Wilhelm Sasnal
October 20, 2011

Wilhelm Sasnal: Clothes, 2009
I follow London from afar these days, and sometimes read reviews of art exhibitions or plays even if there’s little chance of actually going. Yesterday in the Guardian I thus came across a review of an exhibition at Whitechapel Gallery, featuring the Polish painter Wilhelm Sasnal (b. 1972).
I’m a bit of a tourist when it comes to art, and can name only a few contemporary artists: like many people, I tend to focus on the big blockbuster shows, featuring long-dead painters. It’s not that I think there’s nothing good to see of more recent date, it’s just that I don’t know where to start.

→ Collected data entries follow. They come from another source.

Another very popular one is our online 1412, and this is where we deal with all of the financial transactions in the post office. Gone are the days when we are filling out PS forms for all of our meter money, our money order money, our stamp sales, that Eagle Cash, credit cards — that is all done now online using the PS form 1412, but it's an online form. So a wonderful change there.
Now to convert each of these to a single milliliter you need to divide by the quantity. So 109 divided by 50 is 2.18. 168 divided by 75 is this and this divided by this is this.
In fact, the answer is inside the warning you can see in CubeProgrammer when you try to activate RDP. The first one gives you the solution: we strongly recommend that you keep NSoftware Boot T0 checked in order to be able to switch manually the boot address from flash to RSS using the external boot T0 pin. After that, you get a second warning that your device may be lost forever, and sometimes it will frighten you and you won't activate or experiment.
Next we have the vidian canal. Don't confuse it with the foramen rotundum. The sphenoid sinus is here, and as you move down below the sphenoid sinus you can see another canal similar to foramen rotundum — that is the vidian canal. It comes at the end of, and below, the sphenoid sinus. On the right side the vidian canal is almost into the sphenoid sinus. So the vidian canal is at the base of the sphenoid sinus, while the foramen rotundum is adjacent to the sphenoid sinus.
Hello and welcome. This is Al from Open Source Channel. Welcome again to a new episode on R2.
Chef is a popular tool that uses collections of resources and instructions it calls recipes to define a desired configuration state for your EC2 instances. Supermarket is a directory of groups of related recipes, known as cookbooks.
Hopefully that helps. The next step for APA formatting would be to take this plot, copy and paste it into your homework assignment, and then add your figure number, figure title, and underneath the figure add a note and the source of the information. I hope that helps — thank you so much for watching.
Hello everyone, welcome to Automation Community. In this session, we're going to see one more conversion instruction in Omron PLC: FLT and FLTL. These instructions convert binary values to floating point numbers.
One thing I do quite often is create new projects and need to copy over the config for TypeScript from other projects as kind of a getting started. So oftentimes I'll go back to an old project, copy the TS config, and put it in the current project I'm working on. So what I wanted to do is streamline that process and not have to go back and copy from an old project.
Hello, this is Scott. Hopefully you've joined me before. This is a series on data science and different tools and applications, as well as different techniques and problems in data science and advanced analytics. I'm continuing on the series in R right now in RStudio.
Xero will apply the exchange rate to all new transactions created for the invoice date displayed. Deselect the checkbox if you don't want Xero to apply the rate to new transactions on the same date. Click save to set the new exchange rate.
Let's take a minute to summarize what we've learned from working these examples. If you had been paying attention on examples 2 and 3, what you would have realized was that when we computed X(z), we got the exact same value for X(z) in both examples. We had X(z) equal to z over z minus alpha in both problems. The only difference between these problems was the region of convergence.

This seemed like a good place, though: the article made me curious. He (the journalist) talked of Sasnal’s deceptively inexpressive figures and planes, and seemingly vacant spaces that invited the viewer to consider what might be missing; often, the suggested absences had the touch of something sinister. The lack of sentiment had a quality that, at least for the journalist, made the motif a starting point, rather than a full stop.

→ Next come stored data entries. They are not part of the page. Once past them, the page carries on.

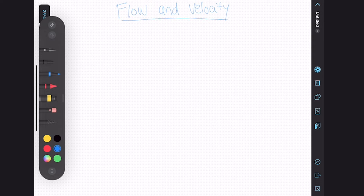Today we're going to look at some flow and velocity calculations and we're going to do two examples. We're going to look at the flow through a channel and the flow through a pipe.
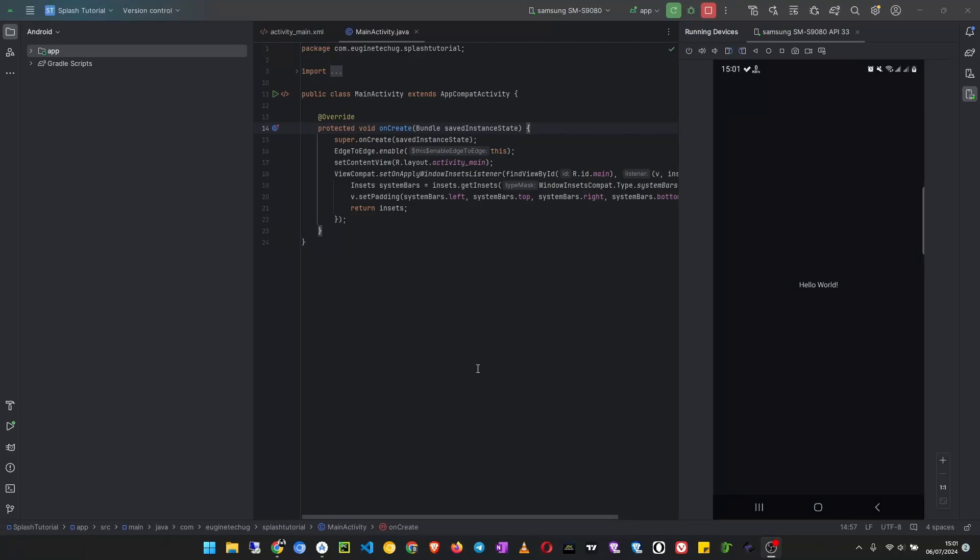Hello, in today's video we are going to look at how to create a splash or loading screen for our Android app. In this tutorial we are going to use a demo application you can see right here.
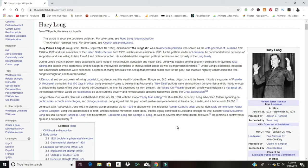Just recently I discovered something that many of you have probably already been using. It's one of those things where you feel pretty good about your computer knowledge, and then you find out something so simple that you've been doing the hard way. I thought, man, I wish I had been using this a long time ago.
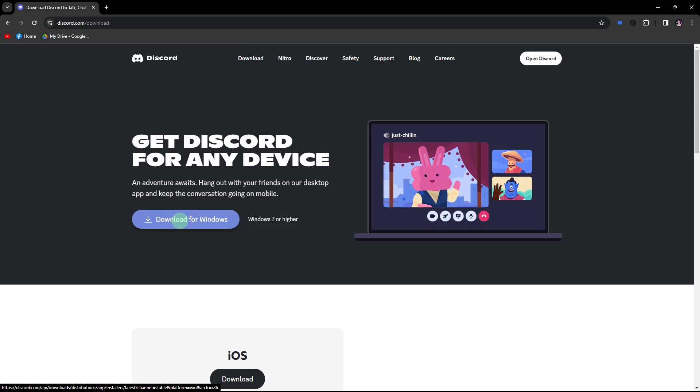Another method: ensure that you are using the latest version of Discord. Check for updates within the Discord app or download the latest version from the official website.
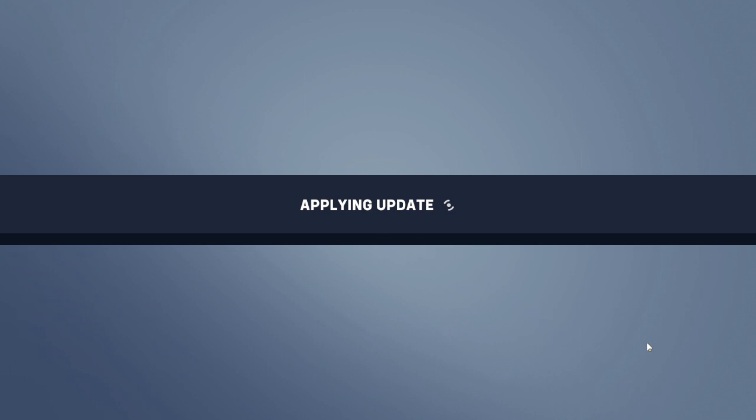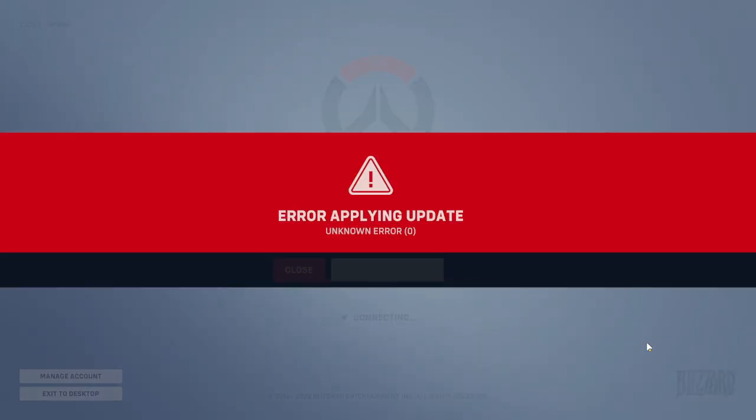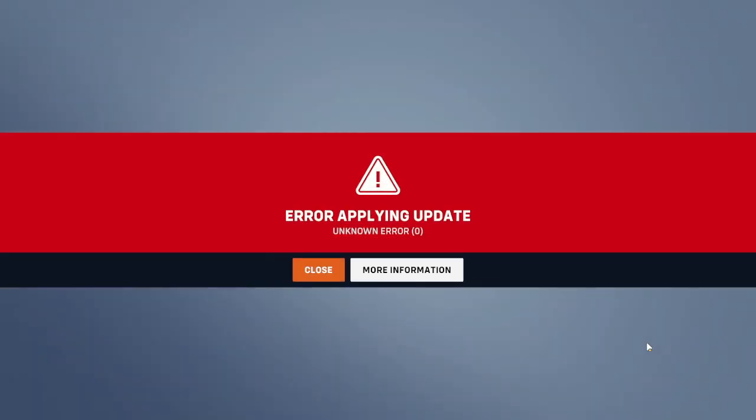No matter what I try—even resetting my internet, uninstalling and reinstalling—I get left with this error.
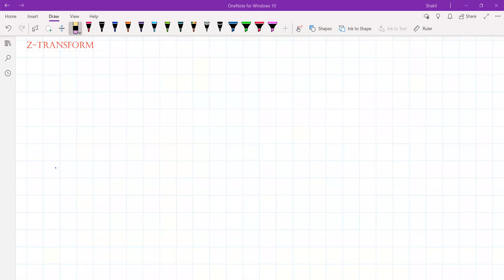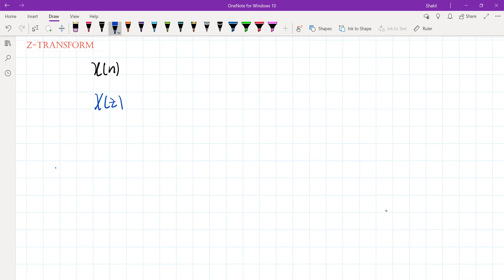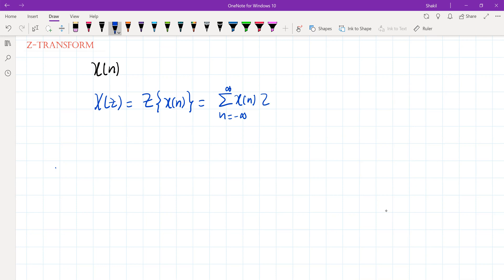Welcome. In this session we will learn how to take the Z-transform of a discrete time signal sequence. The Z-transform of a discrete time sequence x of n can be written as X of z. This is defined as the summation from n equals minus infinity to infinity of x(n) times z raised to the power minus n.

Having now browsed Sasnal’s work, online, for the moment, I get a sense of what the journalist was talking about. In ‘Clothes’, there’s not only the question of the abandoned clothes (by whom, and why?), but also what might be underneath that dark, wind-blown hill. A large chunk of it has been dug away, and a curtain of black paint makes it look as if the soil is bleeding. Shadows and shapes are glimpsed through the liquid, but what they might be we don’t know.
Sasnal’s paintings seem to do something crucial to art: they demand a viewer for their full effect, and in turn the viewer comes away with an experience not only of the paintings, but of having taken part in a creative process.
Although I doubt there will be a chance to catch the exhibition at Whitechapel, I now have the name ‘Sasnal’ lodged somewhere in my mind (and, of course, here on the blog), hoping that it might light up should I come across it again. And now I can name at least one painter still alive and well.